### Activity
When you reach the line with "Timeline view in", transcribe it and each line after it through the last one below, exactly. Pictures stay out.

### The data
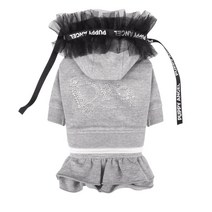 퍼피엔젤 강아지 디바 프릴 후드 트랙스커트 PA-DR220, GRAY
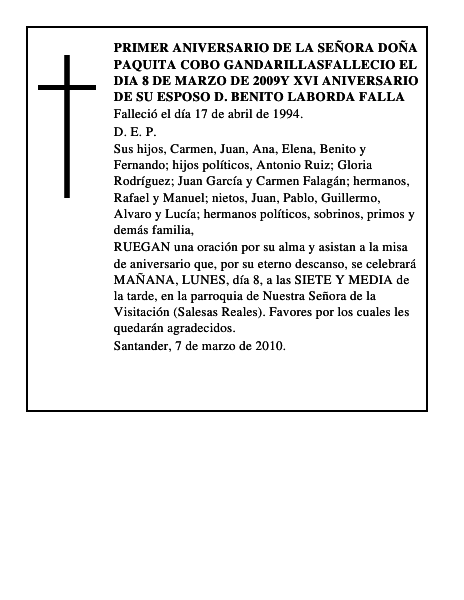 PRIMER ANIVERSARIO DE LA SEÑORA DOÑA PAQUITA COBO GANDARILLASFALLECIO EL DIA 8 DE MA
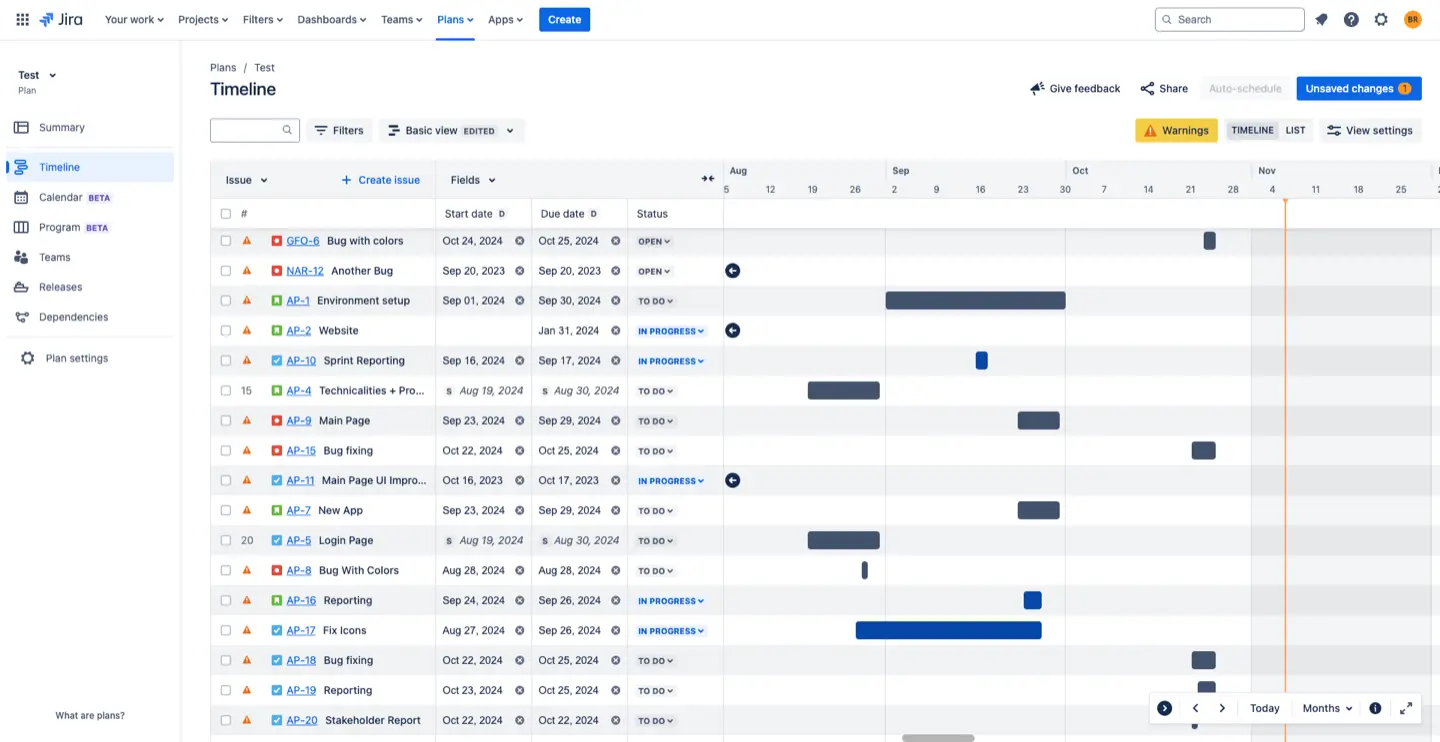 Timeline view in Jira Plans (Advanced Roadmaps)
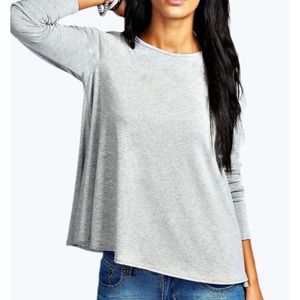 Grey long-sleeved top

### Result of this exercise
 Timeline view in Jira Plans (Advanced Roadmaps)
 Grey long-sleeved top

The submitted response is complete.